The North Carolina Republican said he expects different reactions from members of the Senate GOP conference.
“We’ll have some that probably think healthcare is not on their interest [list] but they’re willing to engage and watch, and we’ll have some that are politically less risky who will say, ‘How in the world could you do this?’” he added.
Republicans took a political hit last year after House Budget Committee Chairman Paul Ryan (R-Wis.) offered a budget that would have replaced the traditional Medicare system with government subsidies for people to use to purchase insurance.
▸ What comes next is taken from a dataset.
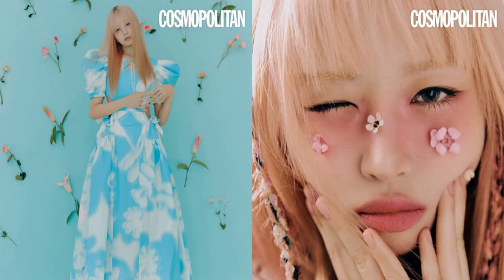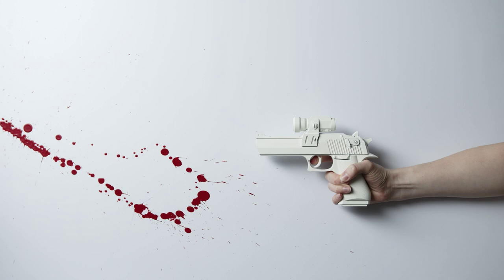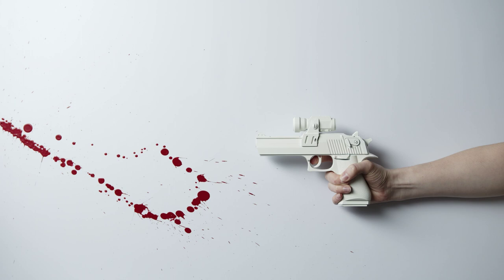In this video, Jang Wonyoung of IVE has recently captivated fans with her stunning looks in candid photos taken by reporters. The photos were taken as she performed on SBS M The Show on April 19th, and fans couldn't help but be amazed by her beauty.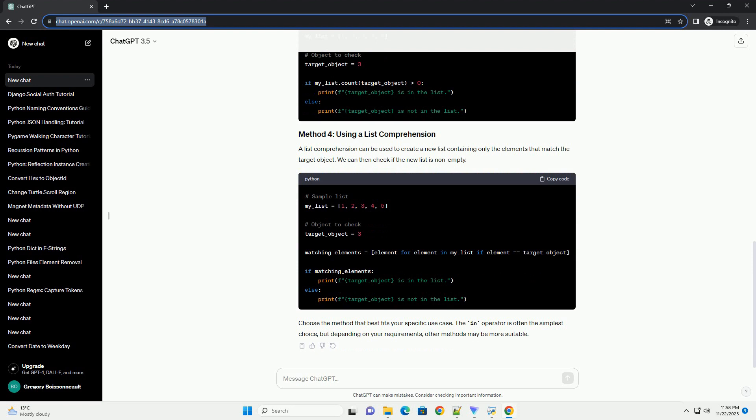A list comprehension can be used to create a new list containing only the elements that match the target object. We can then check if the new list is non-empty. Choose the method that best fits your specific use case.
Congressional Democrats and President Obama went on the attack, and Republicans ended up losing in a New York special election for a House seat where Medicare was the major issue.
Ryan this year has signaled his budget will not include the same proposal, and instead could include a measure he has co-sponsored with a Democratic senator that would preserve traditional Medicare as an option.
Burr and Coburn are proposing keeping the current fee-for-service government program but requiring it to compete with private plans, introducing a premium-support plan in 2016.
They would increase the Medicare eligibility age to 67 for people born after 1959 and raise Medicare premiums by 3 percent of the overall program’s costs each year until a 9 percent adjustment is reached by 2016.
The plan would increase the cap on out-of-pocket costs for individuals earning more than $85,000 a year and couples earning more than $170,000. For example, individuals making between $85,000 and $107,000 would see out-of-pocket costs capped at $12,500.
It would require that millionaires pay the full cost of Parts B and D premiums and have higher deductibles than other seniors.
Coburn said a conservative estimate is that the proposed reforms will save $300 billion to $500 billion over the next decade, and that the proposed changes could save as much as $1 trillion over 10 years.
Burr and Coburn said they will not let the issue drop, even if Democrats use their plan to craft political attacks.
“Our colleagues know us well enough to know we’re not going away,” Burr said. “This is going to be an issue that we stay on top of. We’ve already made the commitment we’re going to introduce it as a bill. We look forward to that process.”